I have no idea where people get the misplaced and incorrect notion that being against moronic behavior or acts (disguised as "art") is the same as being against free speech and for censorship. I don't know anything about the French constitution. But here in the United States, there is absolutely NOTHING in the Bill of Rights which guarantees people the freedom to say or do anything that they want, without the possibility of suffering consequences from private parties. And that's where I am on this issue. While I said nothing about Griffin being subject to legal or government prosecution for her idiotic act (no more art than a monkey shitting on a canvas and hanging it in a museum), to suggest that she should be exempt from her employers reacting to her idiocy is sheer fantasy.
On that we agree, if her employer wants to fire her for that photoshoot, he can. But she shouldn't be prosecuted for that.
As we discuss free speech, what would happen to me if I went on French television and said that I doubted or denied the Holocaust? Do people have the right to say that in France? I could do that in the U.S. and I wouldn't hear from anyone from the U.S. government or a state police agency.
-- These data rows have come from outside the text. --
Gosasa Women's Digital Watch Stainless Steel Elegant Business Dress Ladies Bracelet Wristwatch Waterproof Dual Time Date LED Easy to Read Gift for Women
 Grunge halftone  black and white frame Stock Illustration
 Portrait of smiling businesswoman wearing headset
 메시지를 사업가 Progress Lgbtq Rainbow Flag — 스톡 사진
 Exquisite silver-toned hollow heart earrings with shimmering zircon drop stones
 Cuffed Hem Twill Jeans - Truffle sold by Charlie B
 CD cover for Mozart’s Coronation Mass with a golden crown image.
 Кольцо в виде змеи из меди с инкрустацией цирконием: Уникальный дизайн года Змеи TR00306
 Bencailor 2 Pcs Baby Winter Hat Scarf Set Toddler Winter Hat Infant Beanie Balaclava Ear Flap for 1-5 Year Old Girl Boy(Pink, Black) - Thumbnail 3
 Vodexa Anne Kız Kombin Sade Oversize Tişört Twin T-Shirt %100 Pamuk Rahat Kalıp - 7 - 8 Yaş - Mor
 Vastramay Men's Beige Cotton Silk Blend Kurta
Can we say the same about France???
You have a point.
But I would answer that as oipposed to France, the US government did not took part to the holocaust, forced jews to were a yellow star on their clothes, no US police officers were sent at dawn to round-up jews, park them in a velodrome and then sent them to concentration camps in stock cars.
Because we did it we have to face it, we musn't white-wash the worst part of our own History.
Ok, in France you can't say "the holocaust never happened" on TV. But you can say "shit", "fuck" "pussy", "tits", "ass", etc. Nobody's gonna be shocked, nobody's gonna write to the network and ask fro you to be removed from air because you said "fuck" on air in the middle of the afternoon.